* _WHAT IS NEEDED_: Reproduce everything from the line that contains "Pop Candy - Girls" down to the line that contains "मुलायम सिंह यादव" in the listing below, word for word and nothing more. Leave the pictures out.

━━━━━ DATA FOR REVIEW ━━━━━

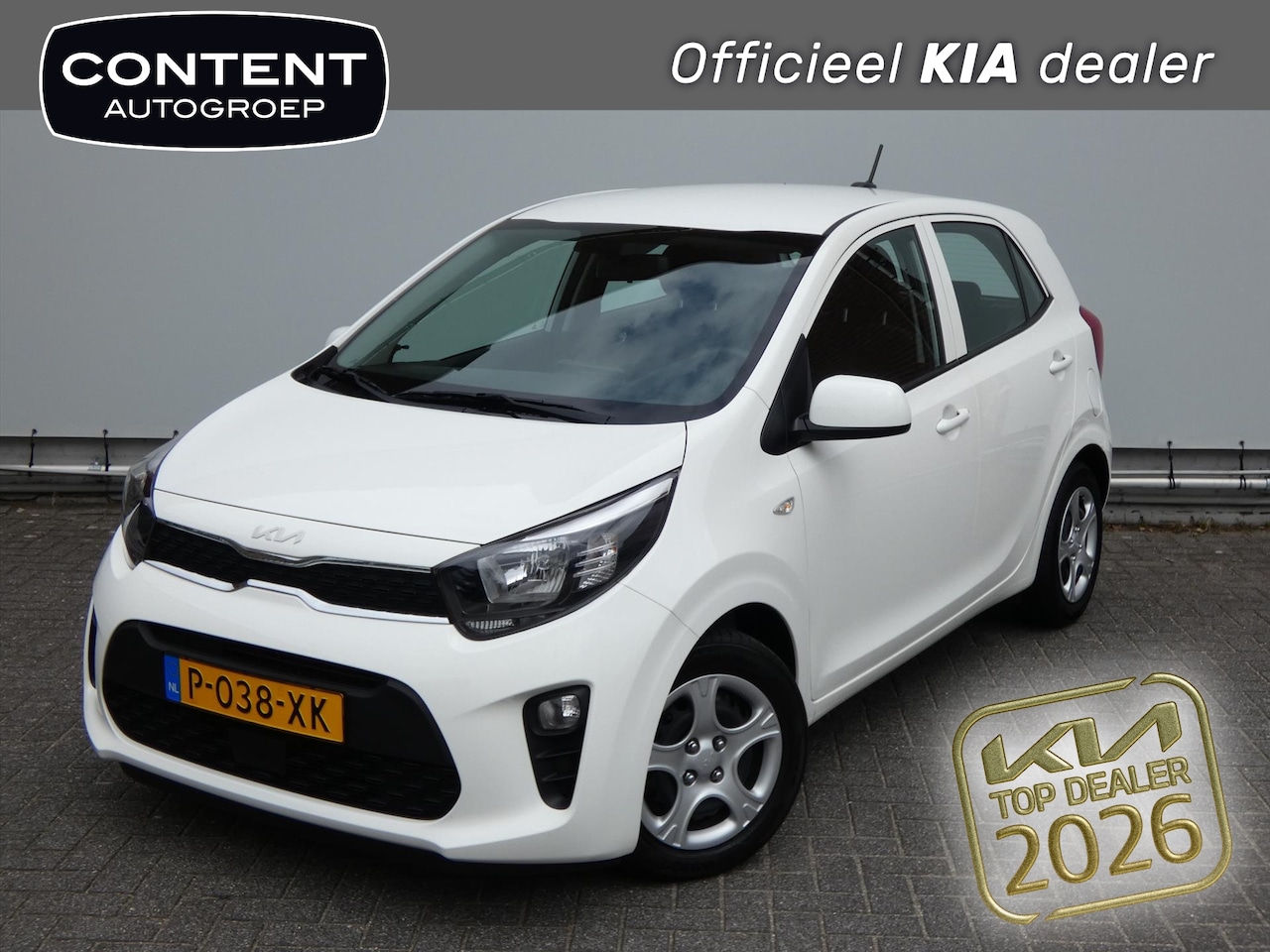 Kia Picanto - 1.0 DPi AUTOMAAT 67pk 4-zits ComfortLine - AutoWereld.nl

━━━━━
━━━━━ DATA FOR REVIEW ━━━━━

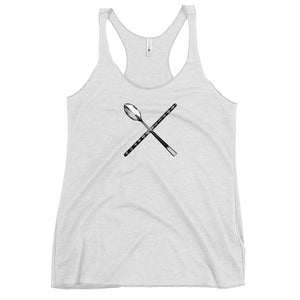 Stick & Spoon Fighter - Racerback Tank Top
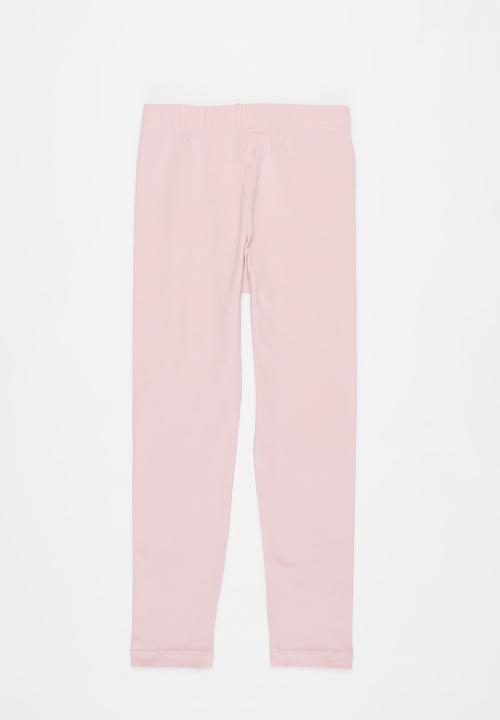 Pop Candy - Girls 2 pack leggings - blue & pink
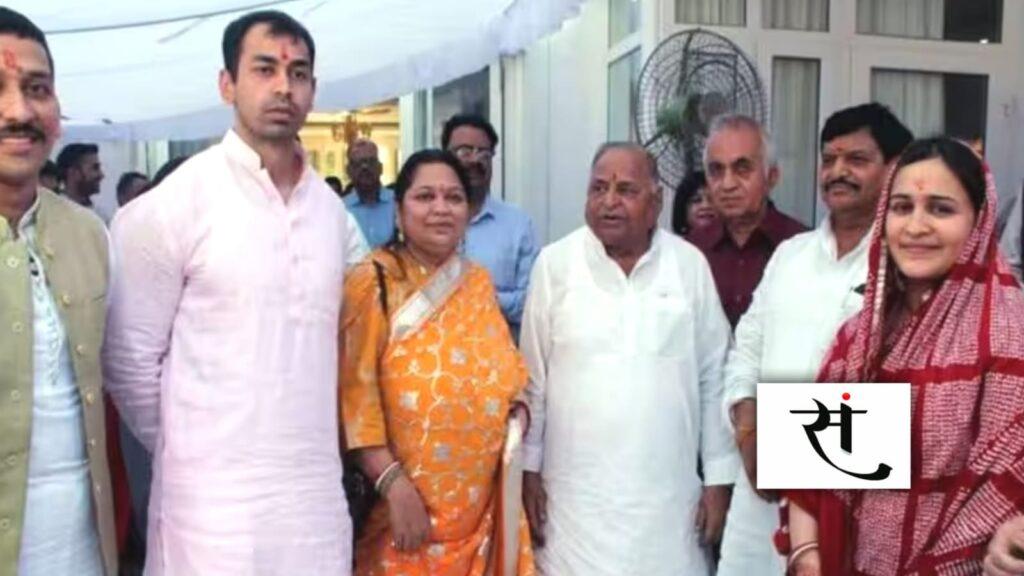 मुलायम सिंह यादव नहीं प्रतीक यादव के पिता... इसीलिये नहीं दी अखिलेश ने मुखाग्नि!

━━━━━

* _RESULT BELOW_:
 Pop Candy - Girls 2 pack leggings - blue & pink
 मुलायम सिंह यादव नहीं प्रतीक यादव के पिता... इसीलिये नहीं दी अखिलेश ने मुखाग्नि!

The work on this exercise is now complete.